Despite concerns about a possible banking crisis in the US, equity markets performed quite well during March with the US market advancing a healthy 3.6%. Firmer bond yields gave some valuation relief to the technology sector which rallied 9.5%, outperforming the other major US indices. The Australian market was more subdued improving by just 0.2%. The ASX gold sector was a standout advancing by 19% on the back of an 8% rise in the physical gold price, reinforcing its value in times of financial stress. European markets were 1% higher while China bounced back from its decline last month to improve 4.3%.

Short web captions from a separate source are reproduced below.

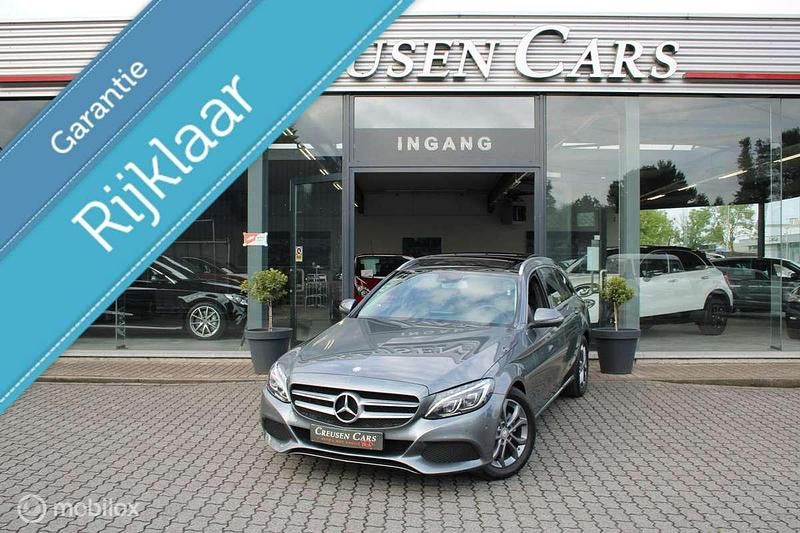 , metallic lak Gebruikt 2016 Mercedes C180 Prestige Stationwagen | € 22.500 (Duur) - Afbeelding 1/4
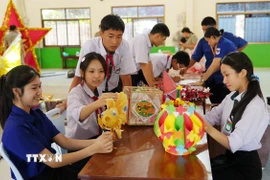 Các em học sinh Việt Nam-Lào háo hức chuẩn bị Tết Trung thu. (Ảnh: Xuân Tú/TTXVN)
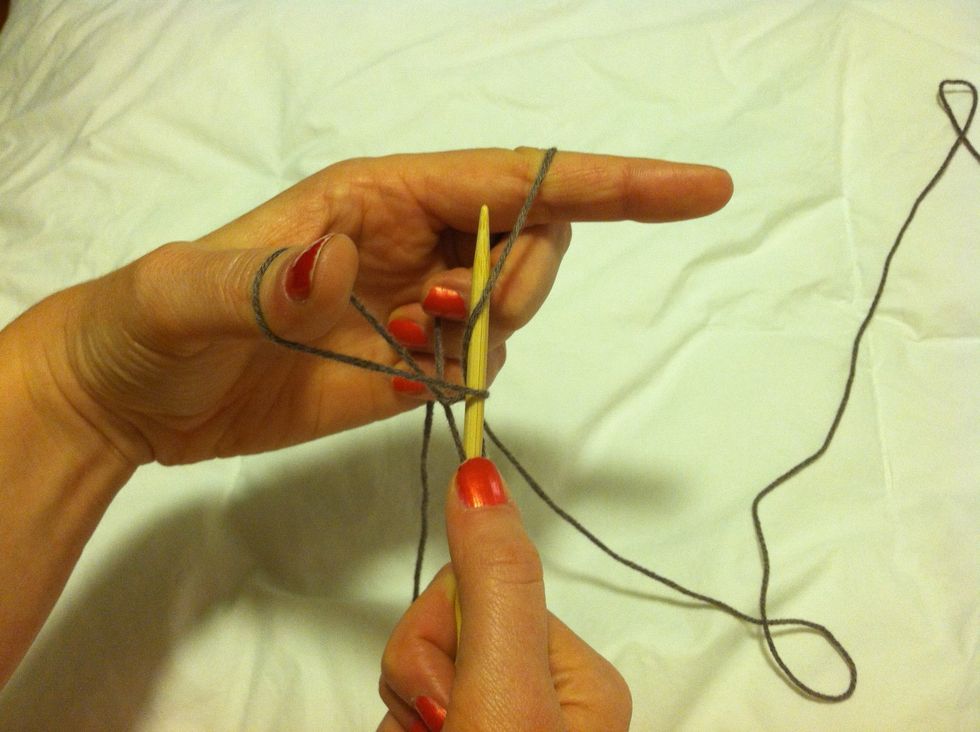 Push the needle through the loop around your pointer finger back towards the center of your hand.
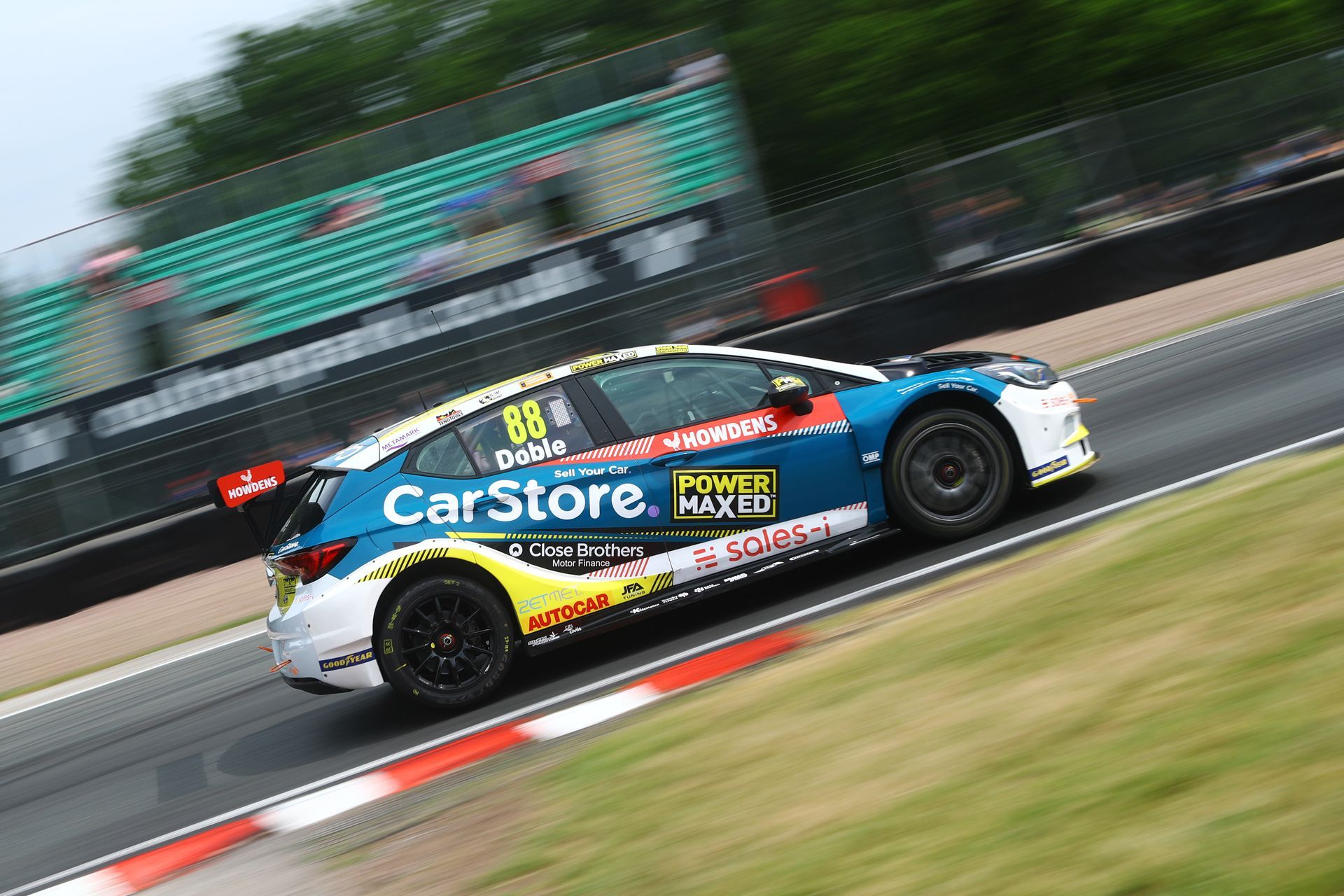 A blue and yellow race car is driving down a race track.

Both the RBA and US Fed increased cash rates by 25 basis points as expected, reinforcing their determination to break the back of inflation. This prompted a rally in bond markets with Australian 10-year government bond yields declining by 56 basis points and US 10-year treasuries falling by 42 basis points. At their meeting in early April, the RBA decided to pause their tightening schedule to assess the impact of rate rises thus far on the economy, however they are likely continue hiking rates in coming months. While inflation has fallen it remains stubbornly high, and pipeline wage pressures from a tight labour market will keep inflation higher for longer.
Amongst the bulk commodities, iron ore was flat while fossil fuel commodities were weaker with coal down 8% and oil 4.3% lower. The AUD was slightly weaker against the greenback closing at just over US 67 cents.